Supplied information:
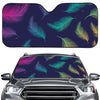 Colorful Feather Pattern Print Car Windshield Sun Shade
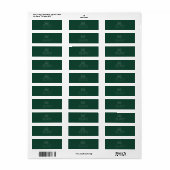 Elegant & Chic botanisch wapen monogram trouw La Etiket (Full Sheet)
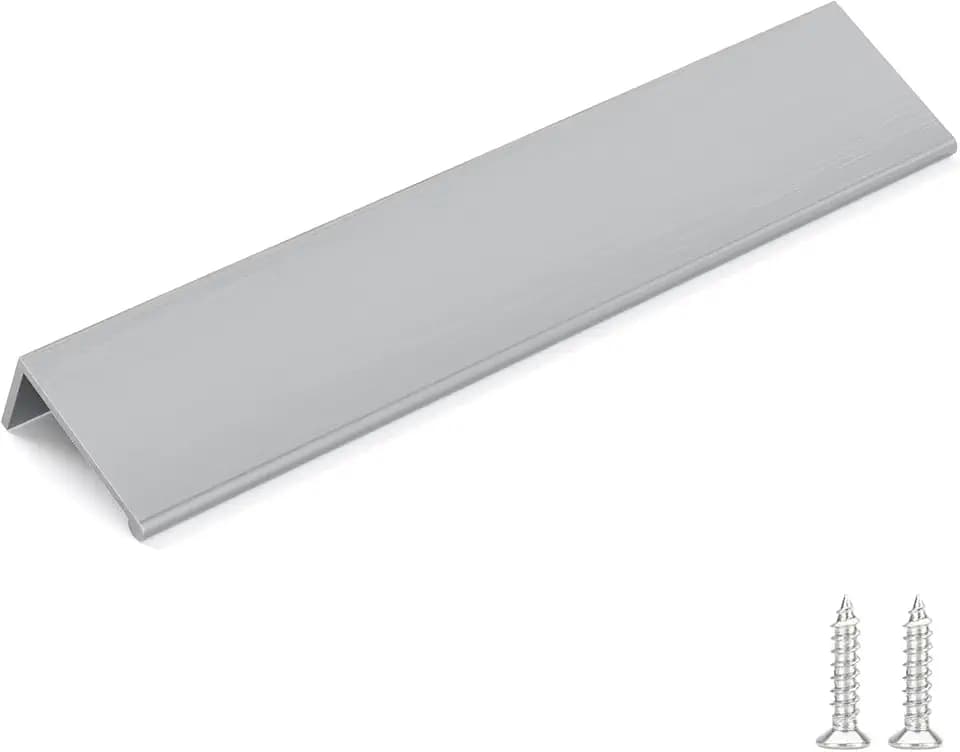 Goldenwarm 15 Pack 6-1/4in Brushed Nickel Finger Edge Pulls for Cabinets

Problem details: Return the full listing exactly as it appears above, without its pictures.

Solution for this task:
 Colorful Feather Pattern Print Car Windshield Sun Shade
 Elegant & Chic botanisch wapen monogram trouw La Etiket (Full Sheet)
 Goldenwarm 15 Pack 6-1/4in Brushed Nickel Finger Edge Pulls for Cabinets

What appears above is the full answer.